Effect of Termination
If a participant's employment or service relationship with the Company or a Subsidiary of the Company is terminated for any reason other than death, any unvested SARs credited to the participant's account as at the applicable termination date shall be forfeited and cancelled. Any SARs that are vested as at such termination date may be exercised, to the extent permitted by the LTIP and the applicable stock appreciation right agreement, within the applicable post-termination exercise period, and any SARs not exercised within such period shall be forfeited and cancelled.
Change of Control
The LTIP contains change of control provisions. In the event of a change of control, each outstanding Option issued to participants, to the extent that it shall not otherwise have become vested and exercisable, and subject to the applicable Award agreement, shall automatically become fully and immediately vested and exercisable, without regard to any otherwise applicable vesting requirement, but subject to the policies of the Exchange and further subject to prior Exchange approval with respect to Options issued to persons performing Investor Relations Activities.

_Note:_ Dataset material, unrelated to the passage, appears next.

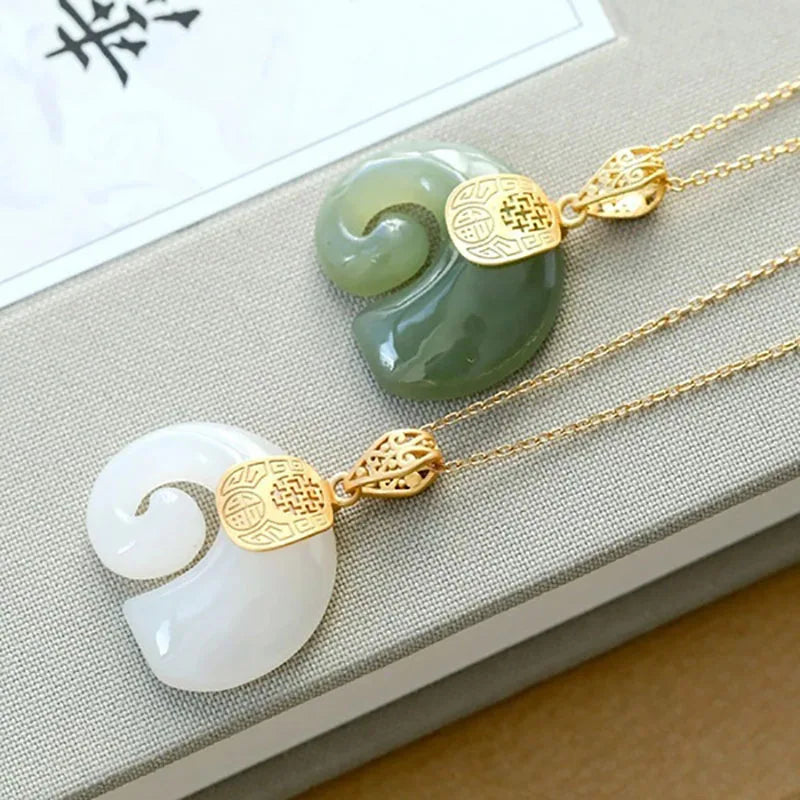 Collier pendentif éléphant en jade Hetian – Chaîne plaquée or 18K pour femmes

In the event of a change of control which causes a participant to cease to be an eligible participant under the LTIP in connection with such change of control, (i) all restrictions on RSUs shall lapse immediately and RSUs shall become fully vested, (ii) PSUs shall become fully vested without regard to the attainment of performance criteria, (iii) DSUs shall become fully vested and payable in accordance with the LTIP, and (iv) Options and SARs shall become fully vested and exercisable, in each case with respect solely to the applicable Awards held by such participant, and in each case subject to the terms of the applicable Award agreement and the policies of the Exchange.
Amendments, Modifications and Changes
The Board may, subject to applicable law, the policies of the Exchange and, where applicable, the consent of affected participants, make certain amendments to the LTIP without the approval of the Shareholders, including, without limitation, amendments of a "housekeeping" nature, amendments necessary to comply with applicable law or regulatory requirements, amendments respecting the administration of the LTIP, amendments to the vesting provisions of the LTIP or of any Award, and amendments to the terms and conditions of Awards previously granted, provided that no such amendment shall materially and adversely affect the rights of a participant in respect of an Award previously granted without the consent of such participant.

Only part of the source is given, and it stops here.